Assignment – Copy out the data below from the line containing "Board Chairman Freddie" to the line containing "Used 2021 Nissan Altima 2.5 SR image 6", both lines included, with all images left out.

Record set –
--- START ---

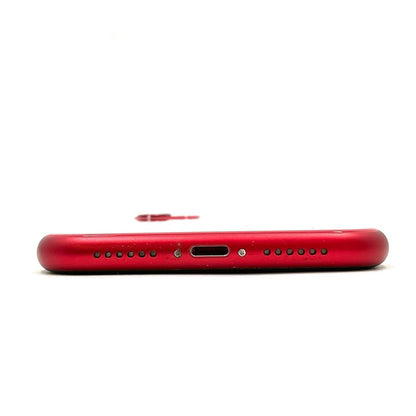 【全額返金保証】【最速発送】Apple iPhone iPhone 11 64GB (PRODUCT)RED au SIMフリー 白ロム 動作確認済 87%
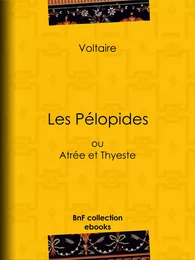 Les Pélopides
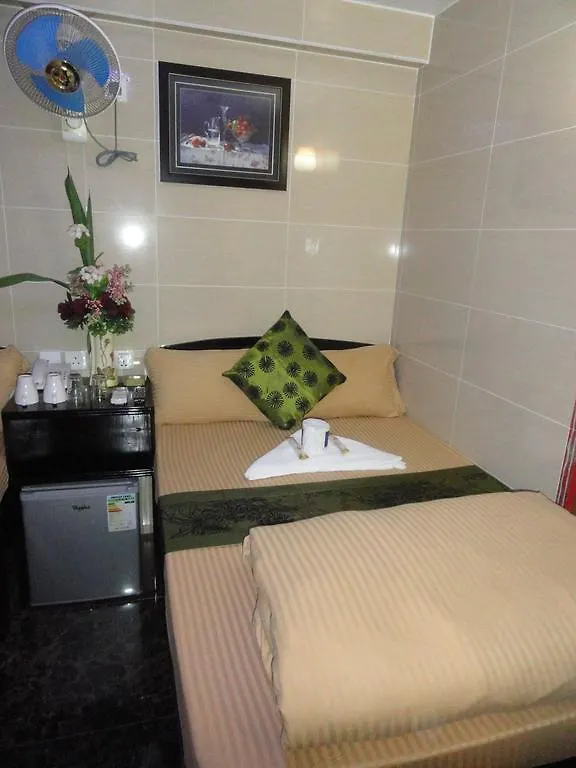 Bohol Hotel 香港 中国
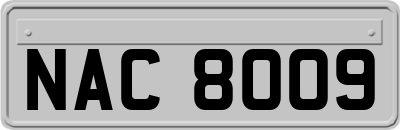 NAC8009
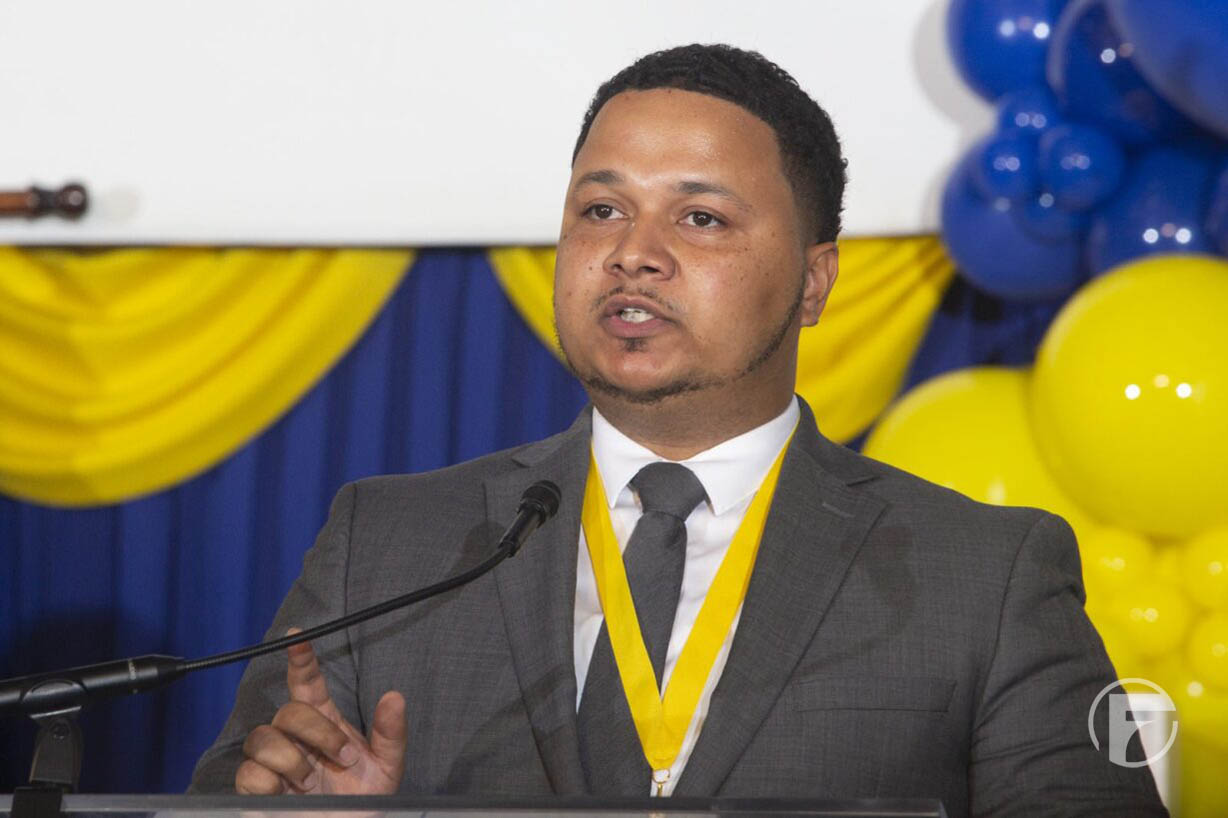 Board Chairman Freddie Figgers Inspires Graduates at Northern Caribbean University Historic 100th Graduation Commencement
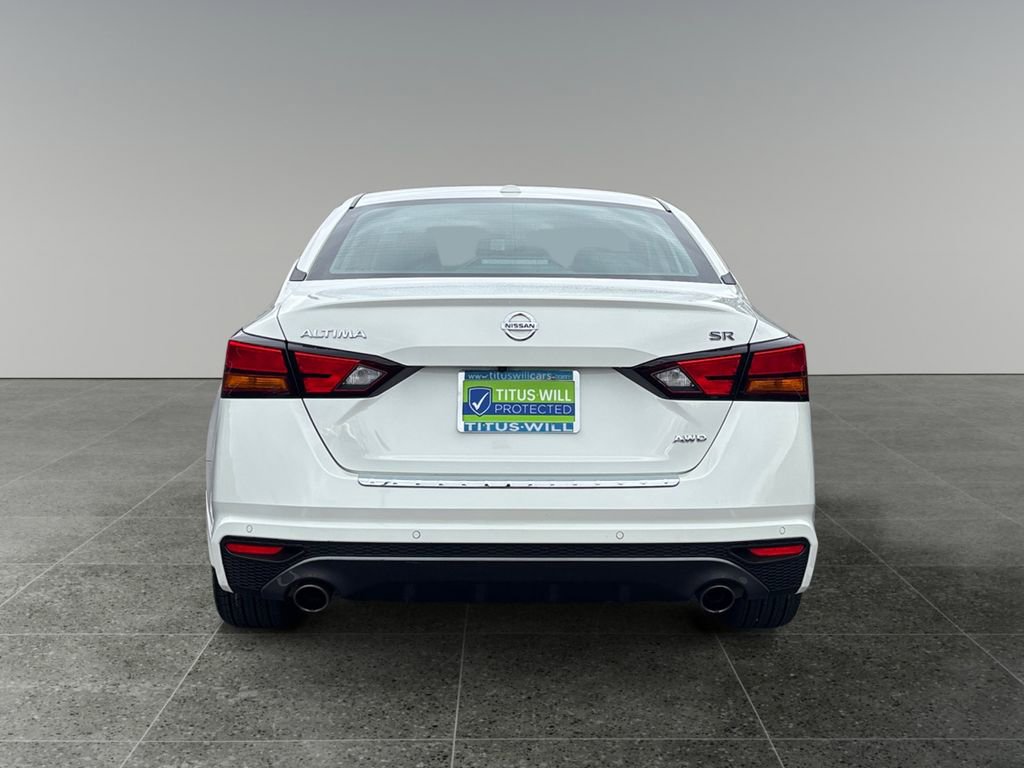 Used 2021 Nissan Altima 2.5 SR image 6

--- END ---
--- START ---

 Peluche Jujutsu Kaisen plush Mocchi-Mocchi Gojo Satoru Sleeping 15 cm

--- END ---
--- START ---

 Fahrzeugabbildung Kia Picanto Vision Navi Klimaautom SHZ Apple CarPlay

--- END ---

Exercise answer –
 Board Chairman Freddie Figgers Inspires Graduates at Northern Caribbean University Historic 100th Graduation Commencement
 Used 2021 Nissan Altima 2.5 SR image 6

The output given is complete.